__What the exercise asks__
Could you copy exactly the lines below from the one with "In this session" to the one with "Hello and welcome", inclusive, leaving out any pictures?

__Source data__
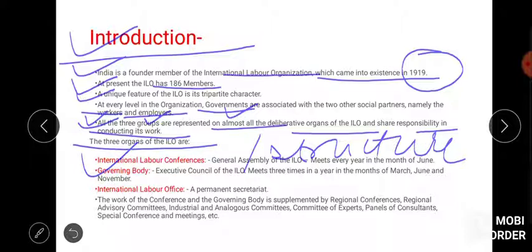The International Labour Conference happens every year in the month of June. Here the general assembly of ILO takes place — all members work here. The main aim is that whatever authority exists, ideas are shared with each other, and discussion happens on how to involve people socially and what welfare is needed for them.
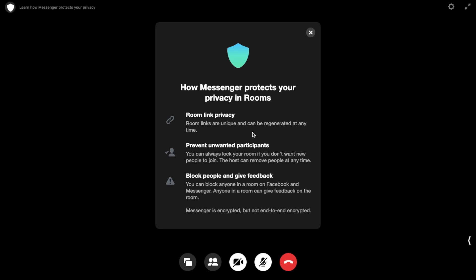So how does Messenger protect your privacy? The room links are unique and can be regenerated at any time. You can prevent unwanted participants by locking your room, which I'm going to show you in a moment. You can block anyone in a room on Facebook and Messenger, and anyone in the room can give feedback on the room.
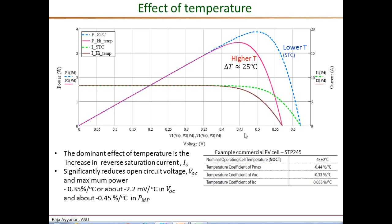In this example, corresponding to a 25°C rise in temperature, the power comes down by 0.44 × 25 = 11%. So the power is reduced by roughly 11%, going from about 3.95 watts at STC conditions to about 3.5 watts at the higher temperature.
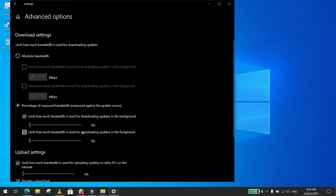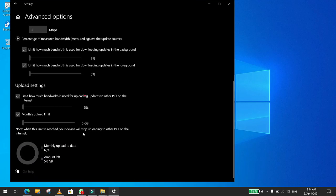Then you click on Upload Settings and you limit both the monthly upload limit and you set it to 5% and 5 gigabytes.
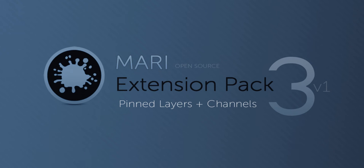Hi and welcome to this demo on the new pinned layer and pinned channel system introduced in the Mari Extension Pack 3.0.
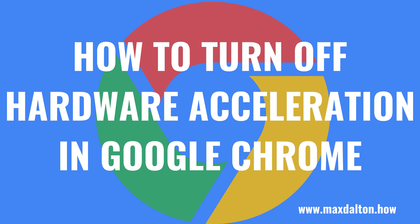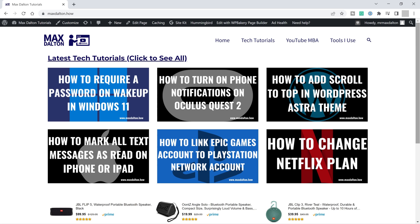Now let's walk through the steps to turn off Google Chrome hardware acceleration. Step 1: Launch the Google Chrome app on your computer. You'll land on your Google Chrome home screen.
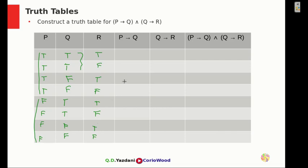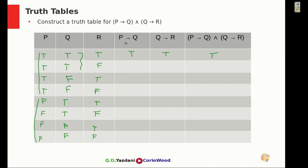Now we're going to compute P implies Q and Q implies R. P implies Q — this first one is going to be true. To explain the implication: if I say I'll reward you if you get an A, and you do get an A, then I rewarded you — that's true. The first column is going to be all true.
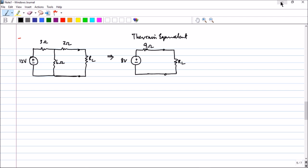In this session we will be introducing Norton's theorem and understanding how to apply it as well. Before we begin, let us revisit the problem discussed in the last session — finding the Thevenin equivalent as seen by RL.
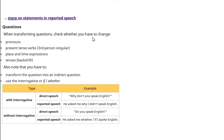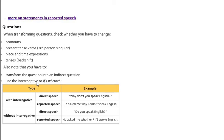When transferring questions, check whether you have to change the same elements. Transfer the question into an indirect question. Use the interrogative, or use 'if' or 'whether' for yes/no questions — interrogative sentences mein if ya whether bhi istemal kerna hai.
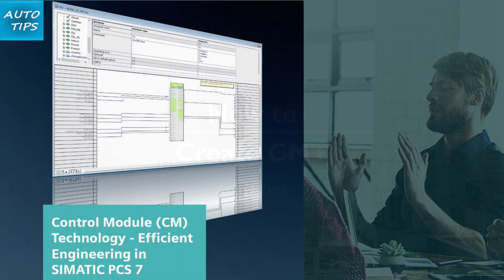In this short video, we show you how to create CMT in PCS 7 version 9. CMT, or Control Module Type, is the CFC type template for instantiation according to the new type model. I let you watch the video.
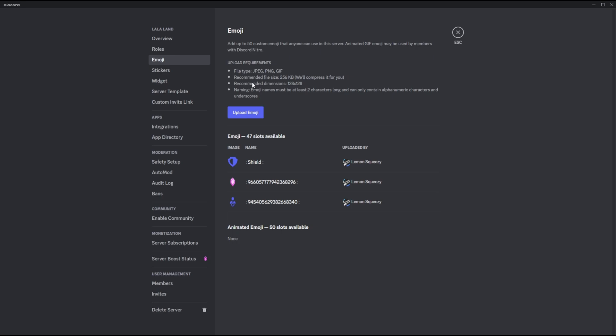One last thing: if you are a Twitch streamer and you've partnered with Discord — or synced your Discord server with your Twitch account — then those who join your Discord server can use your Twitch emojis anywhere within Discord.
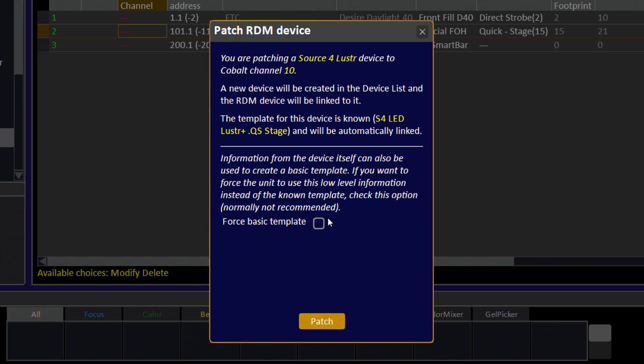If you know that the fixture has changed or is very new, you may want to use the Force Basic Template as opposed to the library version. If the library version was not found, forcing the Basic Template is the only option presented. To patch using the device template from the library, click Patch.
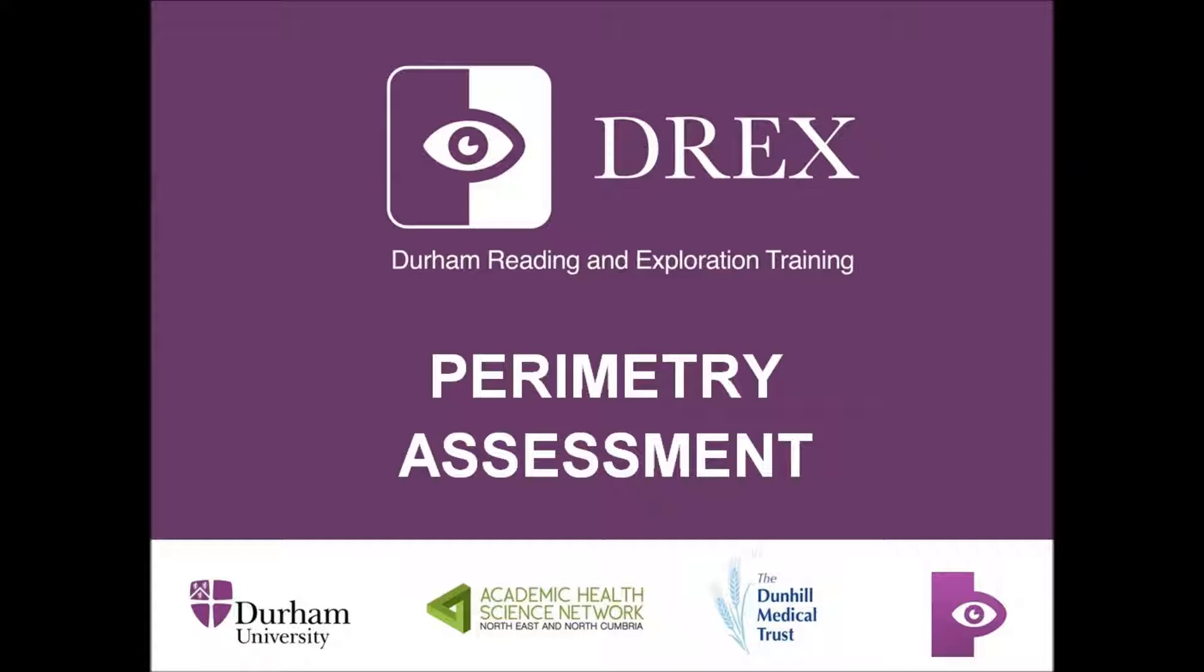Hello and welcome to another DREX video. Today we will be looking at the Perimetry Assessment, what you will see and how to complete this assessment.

==

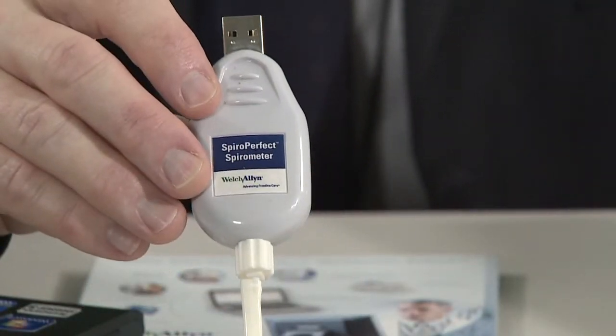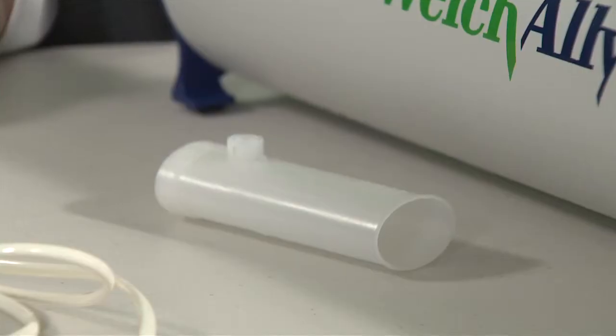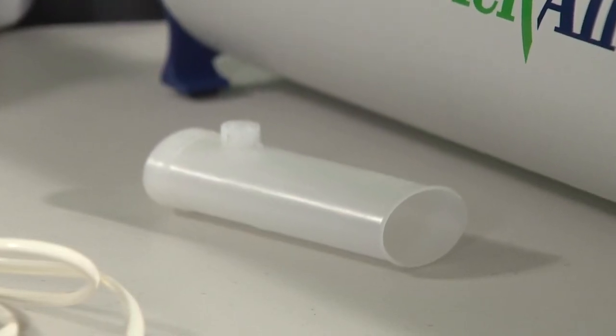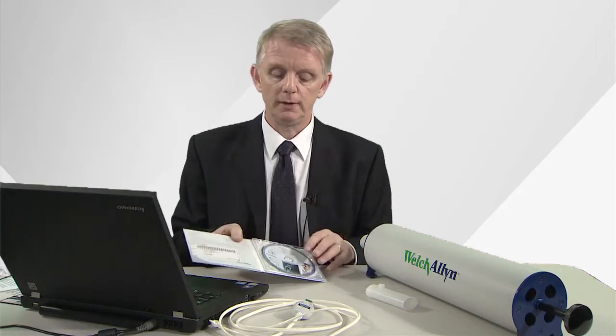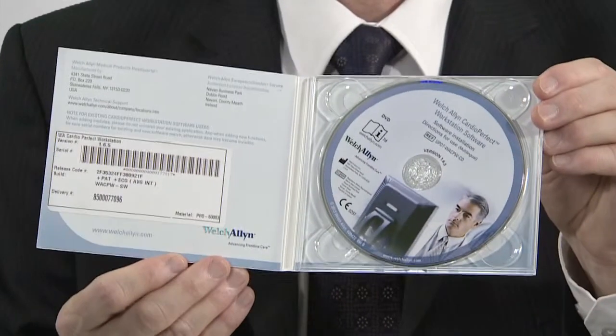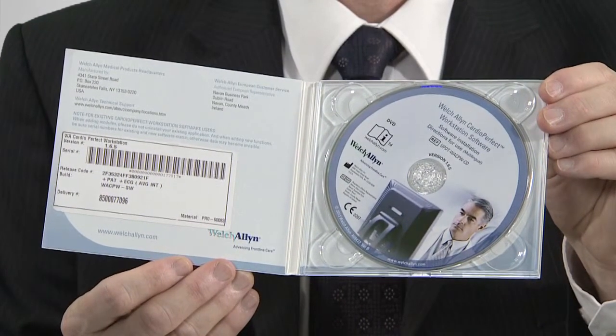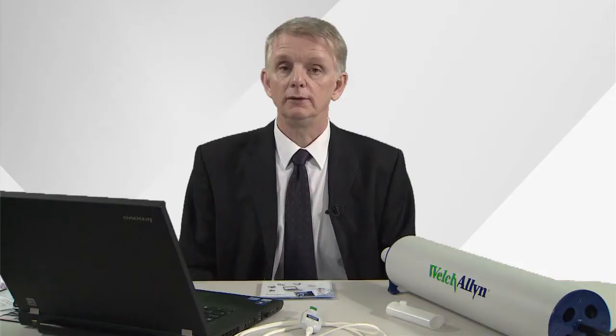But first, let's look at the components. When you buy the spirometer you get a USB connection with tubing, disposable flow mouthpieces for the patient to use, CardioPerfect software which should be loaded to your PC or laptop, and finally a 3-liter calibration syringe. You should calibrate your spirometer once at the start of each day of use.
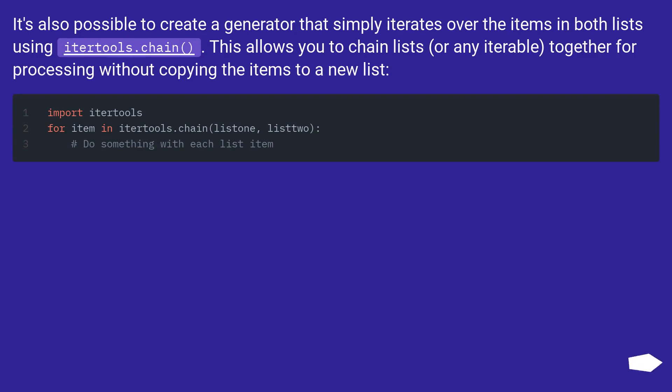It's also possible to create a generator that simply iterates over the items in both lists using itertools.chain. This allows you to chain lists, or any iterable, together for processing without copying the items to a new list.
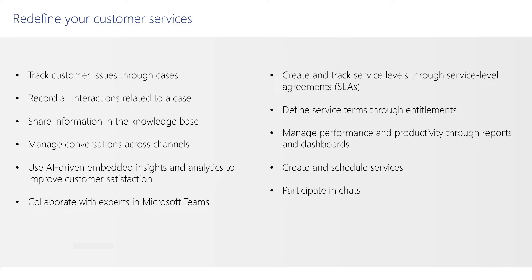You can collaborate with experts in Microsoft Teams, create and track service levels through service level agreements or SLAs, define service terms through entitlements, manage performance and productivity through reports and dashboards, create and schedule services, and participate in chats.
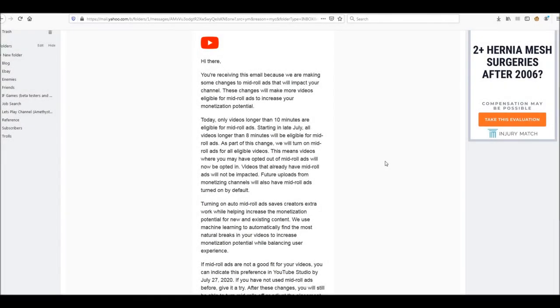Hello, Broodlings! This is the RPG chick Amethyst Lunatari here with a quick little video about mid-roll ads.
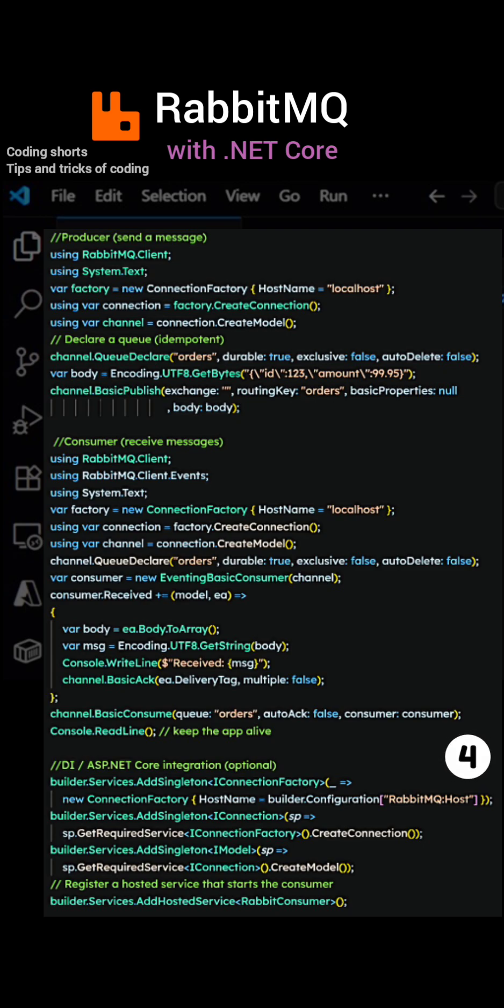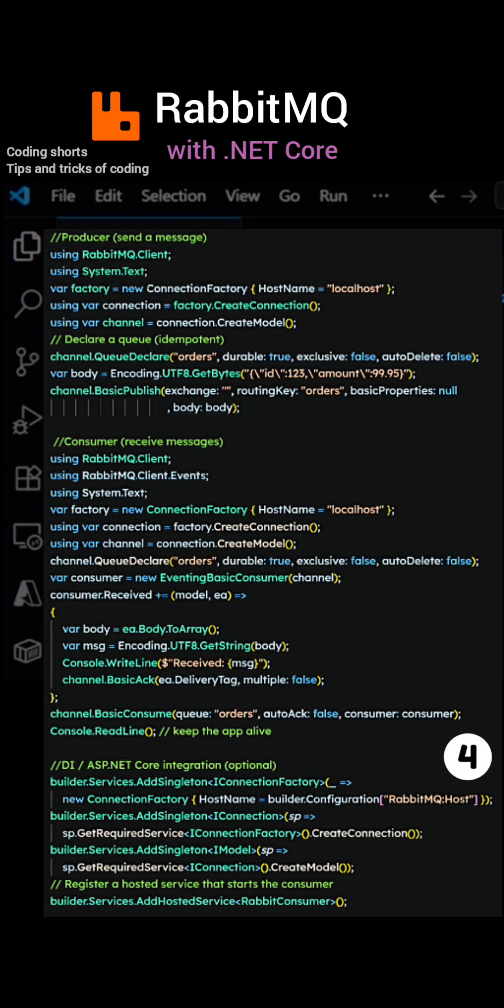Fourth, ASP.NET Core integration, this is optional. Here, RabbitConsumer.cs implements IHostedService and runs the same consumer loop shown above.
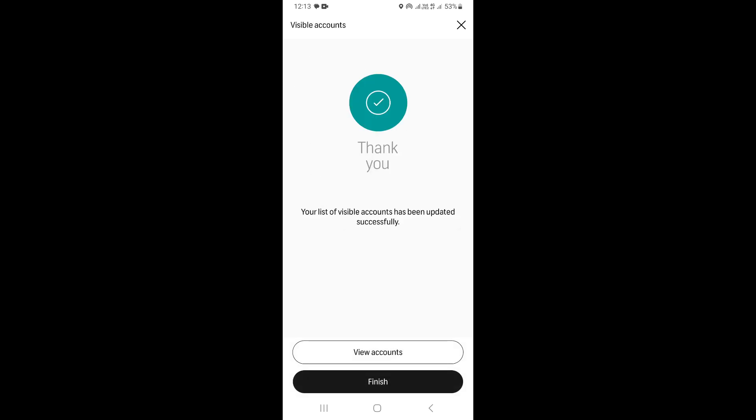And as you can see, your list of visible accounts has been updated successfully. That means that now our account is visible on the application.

__Result below__
In this session we will be introducing Norton's theorem and understanding how to apply it as well. Before we begin, let us revisit the problem discussed in the last session — finding the Thevenin equivalent as seen by RL.
When transferring questions, check whether you have to change the same elements. Transfer the question into an indirect question. Use the interrogative, or use 'if' or 'whether' for yes/no questions — interrogative sentences mein if ya whether bhi istemal kerna hai.
In this short video, we show you how to create CMT in PCS 7 version 9. CMT, or Control Module Type, is the CFC type template for instantiation according to the new type model. I let you watch the video.
One last thing: if you are a Twitch streamer and you've partnered with Discord — or synced your Discord server with your Twitch account — then those who join your Discord server can use your Twitch emojis anywhere within Discord.
If you know that the fixture has changed or is very new, you may want to use the Force Basic Template as opposed to the library version. If the library version was not found, forcing the Basic Template is the only option presented. To patch using the device template from the library, click Patch.
Hello and welcome to another DREX video. Today we will be looking at the Perimetry Assessment, what you will see and how to complete this assessment.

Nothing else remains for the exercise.